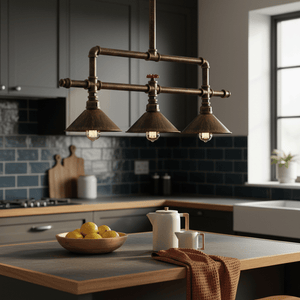 Three-light aluminium pendant light with a matt bronze finish hanging over a kitchen island, illuminating a bowl of lemons.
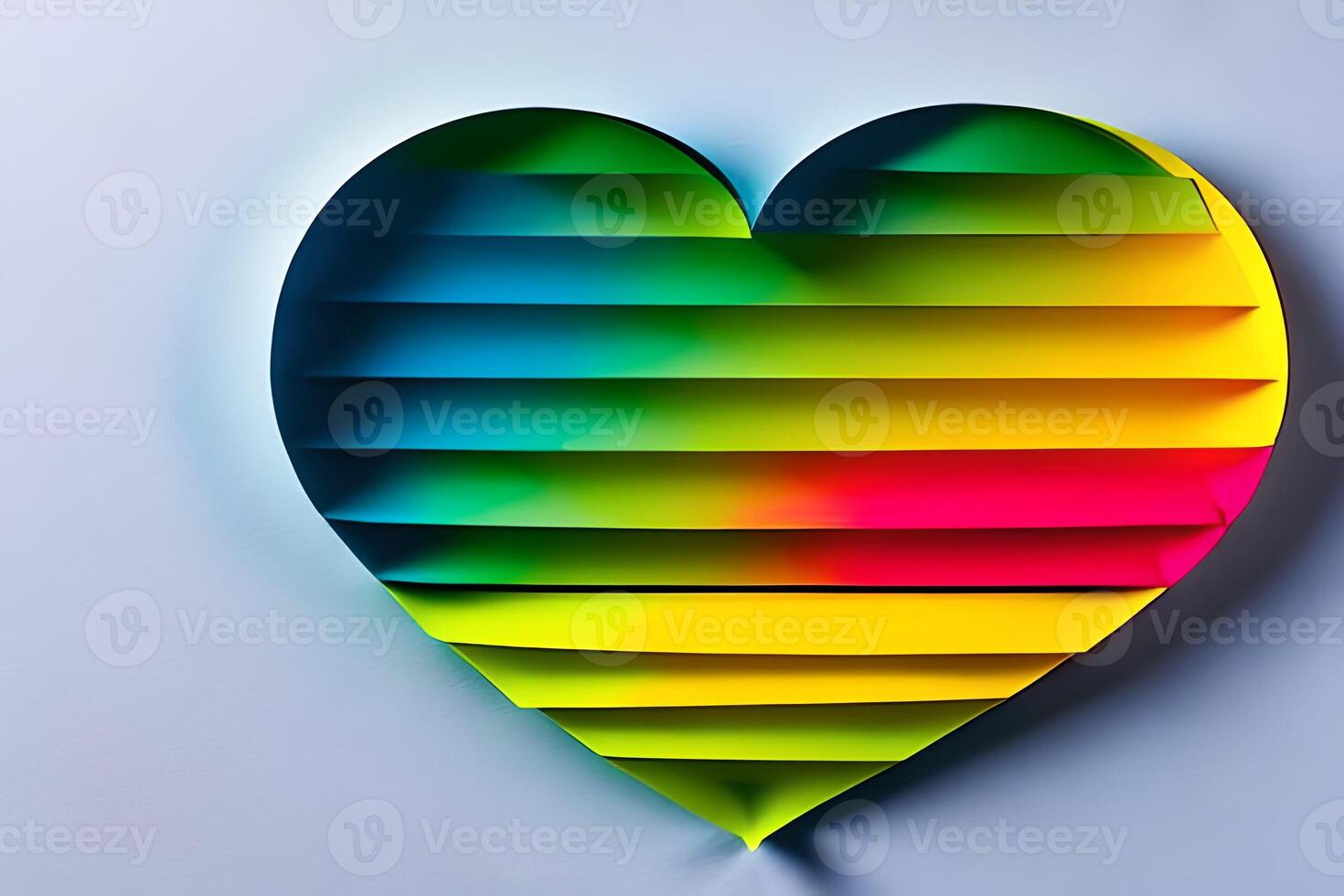 arco iris de colores papel cortar fuera en el amor corazón forma. papel Arte arco iris corazón antecedentes con 3d efecto, corazón forma en vibrante colores, vector ilustración. foto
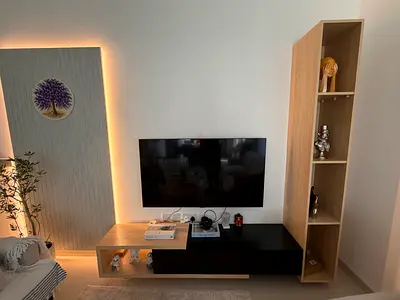 TV unit - excellent condition (shelve , storage and panel with light)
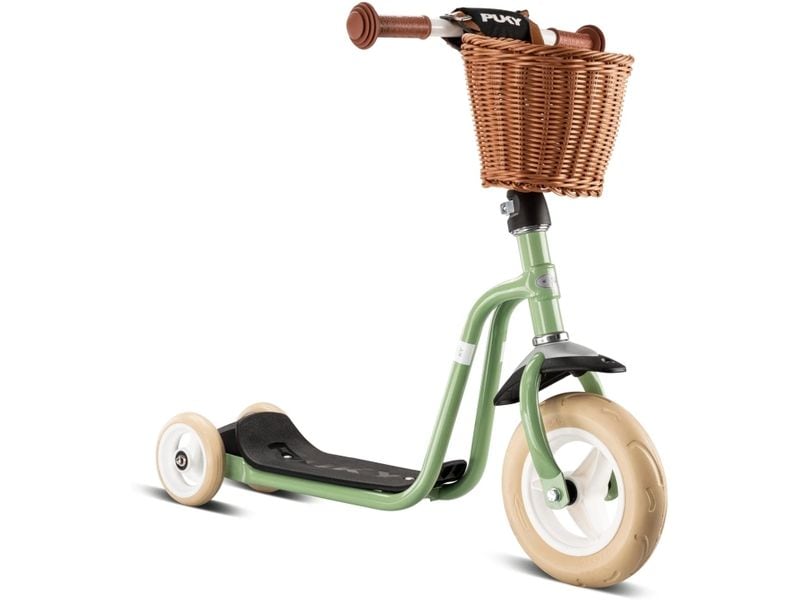 PUKY Scooter R1 Classic mit EVA-Bereifung retro green Dreirad-Scooter für Kinder mit Lenkerkorb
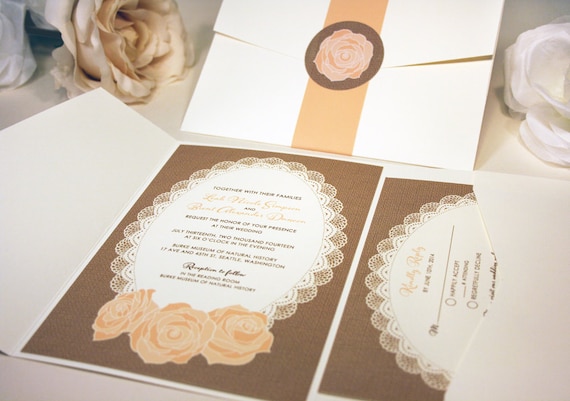 Wedding Invitation Lace and Burlap Rose Pocketfold, RSVP, Rustic, Vintage, Peach, Tan, Brown, Ivory, Cream, Floral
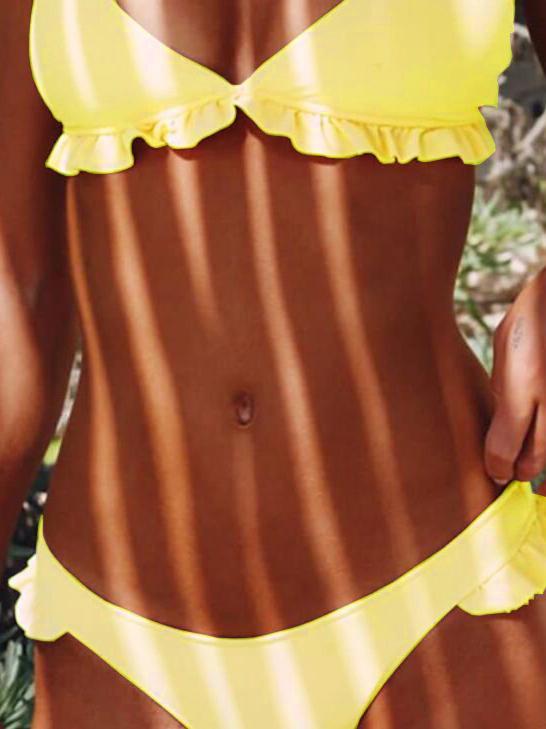 Ruffle Plain Bikinis Swimwear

- - -

Copy the data verbatim, skipping any image it holds.

Solution to this problem -
 Three-light aluminium pendant light with a matt bronze finish hanging over a kitchen island, illuminating a bowl of lemons.
 arco iris de colores papel cortar fuera en el amor corazón forma. papel Arte arco iris corazón antecedentes con 3d efecto, corazón forma en vibrante colores, vector ilustración. foto
 TV unit - excellent condition (shelve , storage and panel with light)
 PUKY Scooter R1 Classic mit EVA-Bereifung retro green Dreirad-Scooter für Kinder mit Lenkerkorb
 Wedding Invitation Lace and Burlap Rose Pocketfold, RSVP, Rustic, Vintage, Peach, Tan, Brown, Ivory, Cream, Floral
 Ruffle Plain Bikinis Swimwear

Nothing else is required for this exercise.